What this task involves: With the pictures omitted, repeat exactly the lines below starting with the line that has "Within this kit" and going on through the line that has "If I stop and".

Records supplied:
=== Begin Enclosure ===

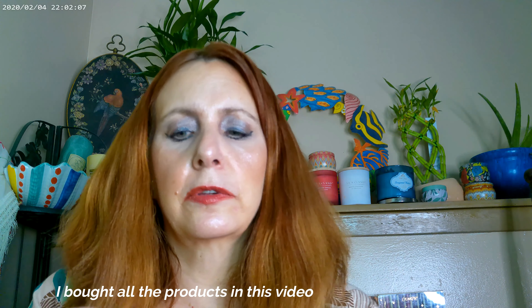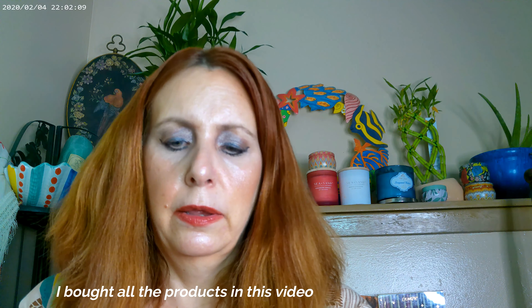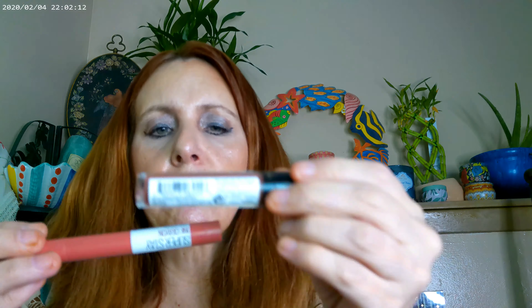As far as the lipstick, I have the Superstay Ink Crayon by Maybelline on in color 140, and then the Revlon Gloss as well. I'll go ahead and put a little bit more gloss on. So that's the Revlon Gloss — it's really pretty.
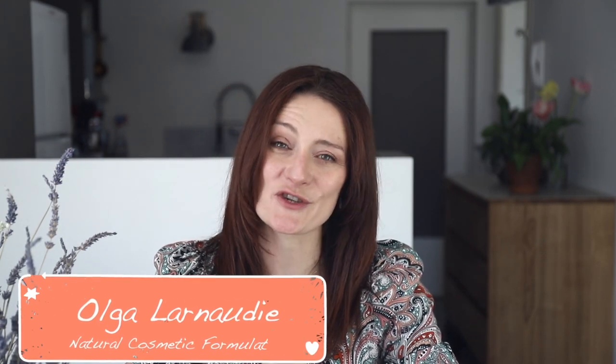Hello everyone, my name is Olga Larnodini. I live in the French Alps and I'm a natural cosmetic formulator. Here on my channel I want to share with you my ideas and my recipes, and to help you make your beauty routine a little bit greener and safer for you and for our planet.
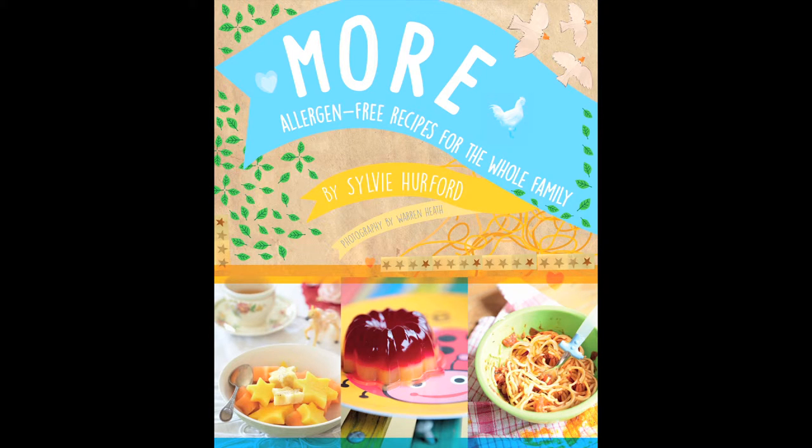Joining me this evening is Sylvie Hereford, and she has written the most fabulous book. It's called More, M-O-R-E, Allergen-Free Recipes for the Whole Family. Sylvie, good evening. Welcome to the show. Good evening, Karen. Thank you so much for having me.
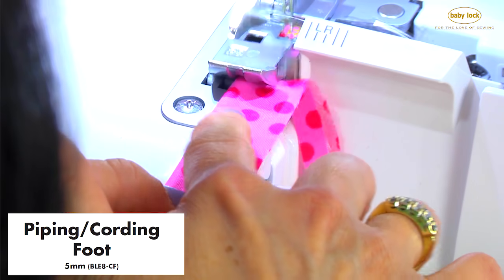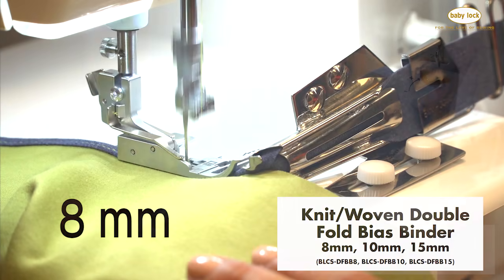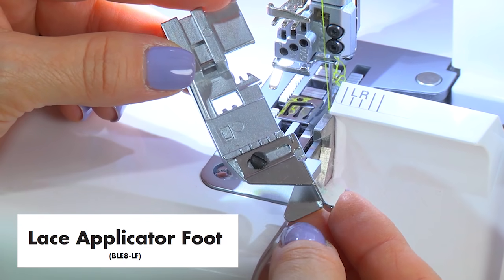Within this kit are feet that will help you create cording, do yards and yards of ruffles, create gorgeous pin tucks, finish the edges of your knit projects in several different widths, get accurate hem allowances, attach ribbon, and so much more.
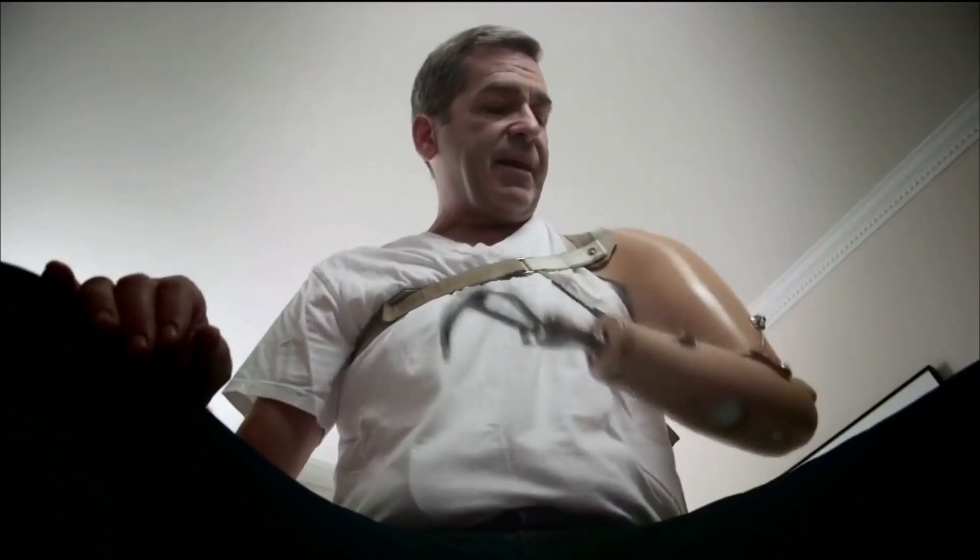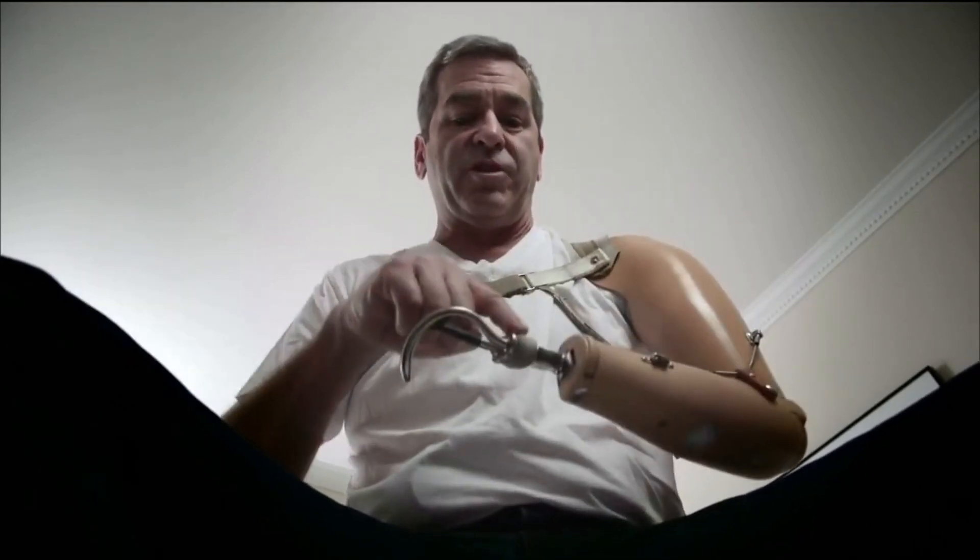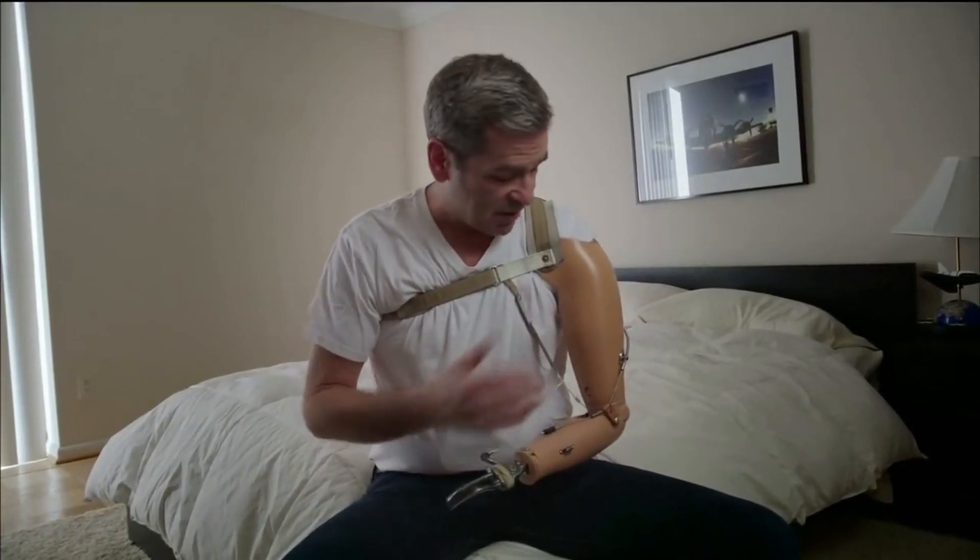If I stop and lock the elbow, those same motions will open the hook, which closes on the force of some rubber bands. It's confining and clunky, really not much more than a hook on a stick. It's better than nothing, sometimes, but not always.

=== End Enclosure ===
=== Begin Enclosure ===

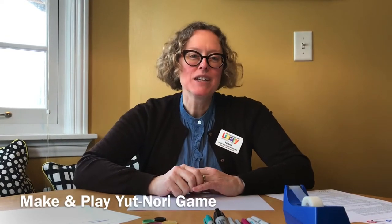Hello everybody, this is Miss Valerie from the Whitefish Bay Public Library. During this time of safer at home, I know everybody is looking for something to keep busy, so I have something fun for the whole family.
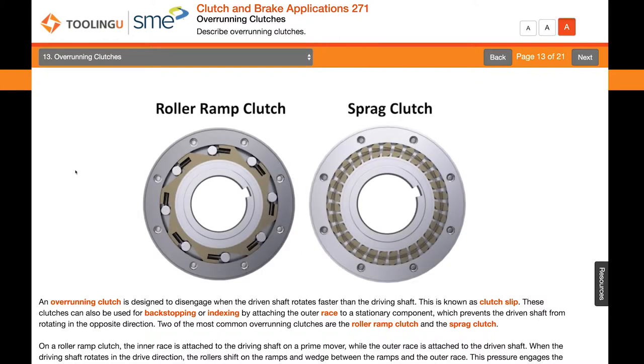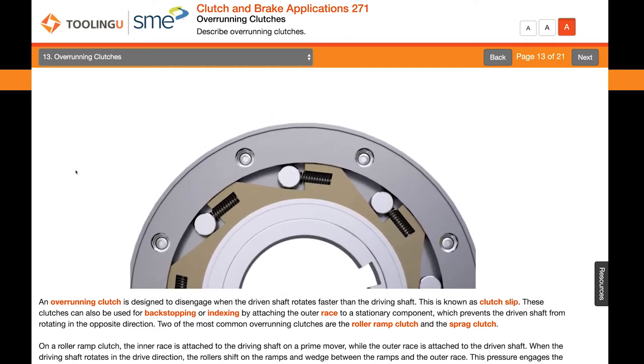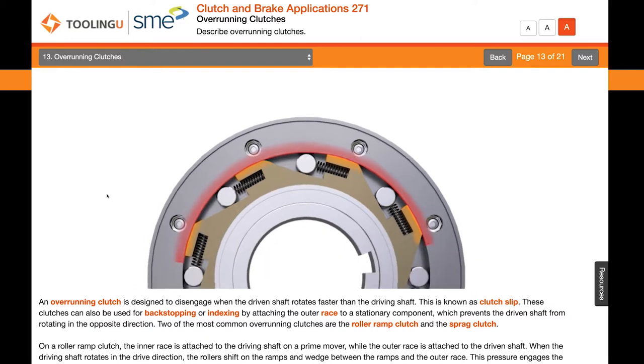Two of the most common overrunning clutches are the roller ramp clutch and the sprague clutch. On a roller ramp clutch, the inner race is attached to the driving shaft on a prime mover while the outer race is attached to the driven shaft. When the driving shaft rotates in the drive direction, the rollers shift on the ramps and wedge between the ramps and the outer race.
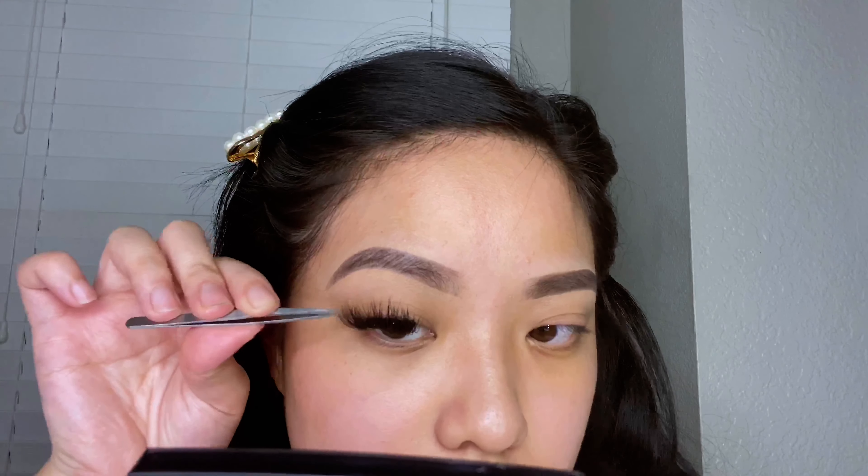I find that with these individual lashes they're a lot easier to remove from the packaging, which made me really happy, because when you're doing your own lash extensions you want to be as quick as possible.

=== End Enclosure ===
=== Begin Enclosure ===

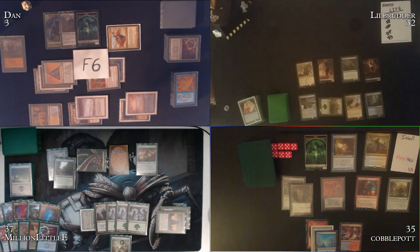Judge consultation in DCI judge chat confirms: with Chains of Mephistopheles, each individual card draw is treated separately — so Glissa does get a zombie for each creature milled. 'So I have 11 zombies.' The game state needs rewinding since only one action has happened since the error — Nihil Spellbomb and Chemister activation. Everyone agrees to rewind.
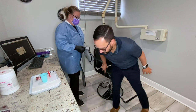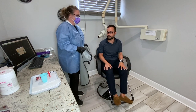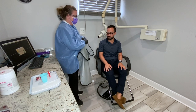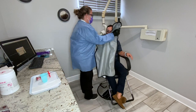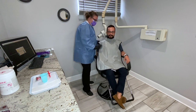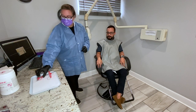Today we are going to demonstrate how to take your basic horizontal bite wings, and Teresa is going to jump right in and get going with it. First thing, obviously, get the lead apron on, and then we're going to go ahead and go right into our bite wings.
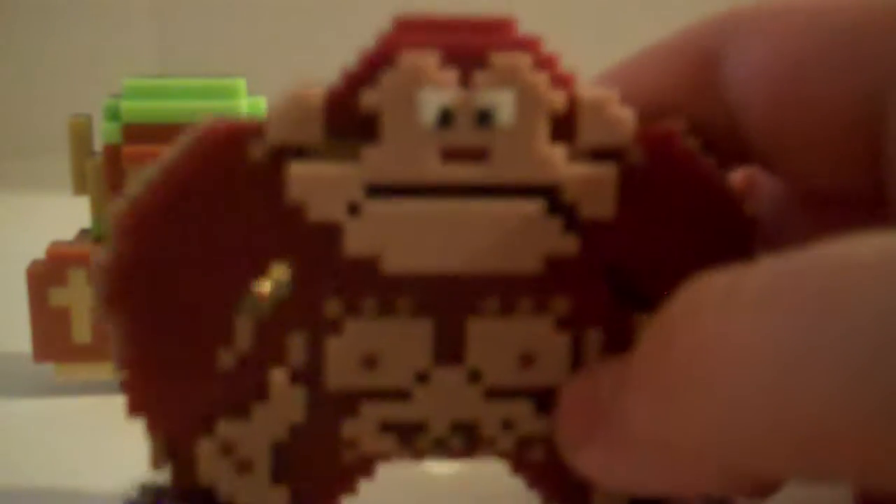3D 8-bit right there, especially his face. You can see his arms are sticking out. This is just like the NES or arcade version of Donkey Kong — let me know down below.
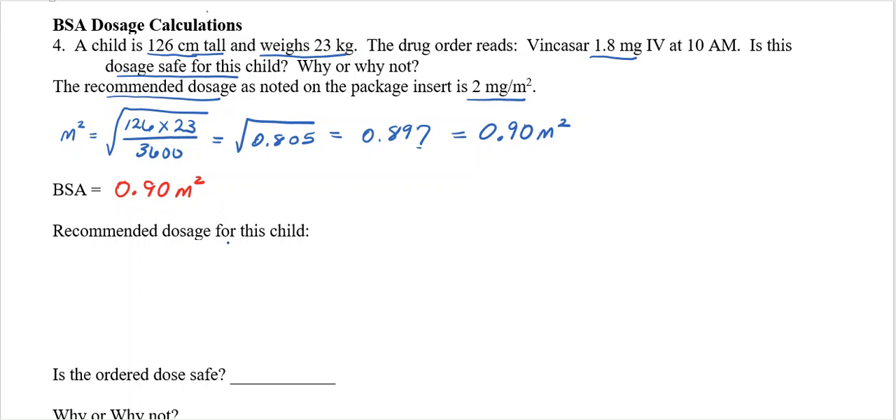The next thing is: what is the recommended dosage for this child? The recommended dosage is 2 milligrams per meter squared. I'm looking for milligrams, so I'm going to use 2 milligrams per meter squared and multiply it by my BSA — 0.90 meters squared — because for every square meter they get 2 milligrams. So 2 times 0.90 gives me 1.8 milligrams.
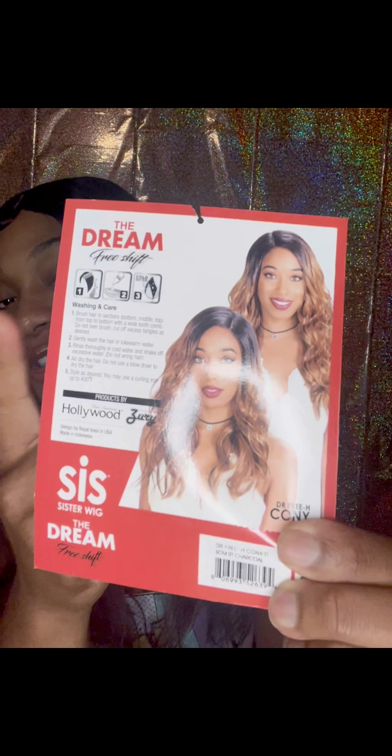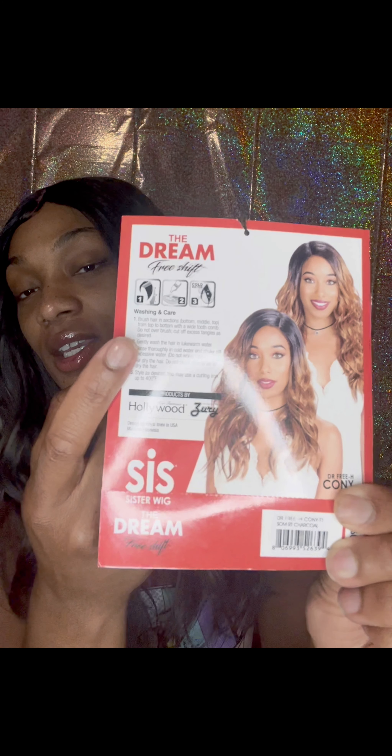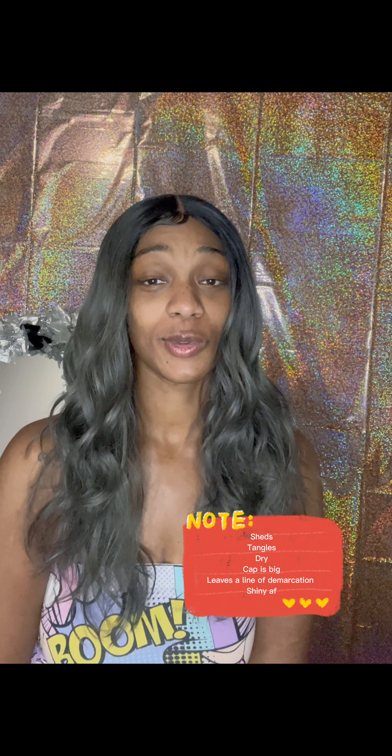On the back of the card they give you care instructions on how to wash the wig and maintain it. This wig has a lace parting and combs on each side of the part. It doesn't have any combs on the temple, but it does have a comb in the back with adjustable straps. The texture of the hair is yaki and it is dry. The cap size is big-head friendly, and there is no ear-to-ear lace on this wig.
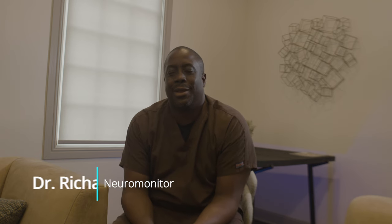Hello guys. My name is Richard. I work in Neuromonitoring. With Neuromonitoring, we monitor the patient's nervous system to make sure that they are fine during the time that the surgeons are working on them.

=== End Enclosure ===

Written solution:
Within this kit are feet that will help you create cording, do yards and yards of ruffles, create gorgeous pin tucks, finish the edges of your knit projects in several different widths, get accurate hem allowances, attach ribbon, and so much more.
If I stop and lock the elbow, those same motions will open the hook, which closes on the force of some rubber bands. It's confining and clunky, really not much more than a hook on a stick. It's better than nothing, sometimes, but not always.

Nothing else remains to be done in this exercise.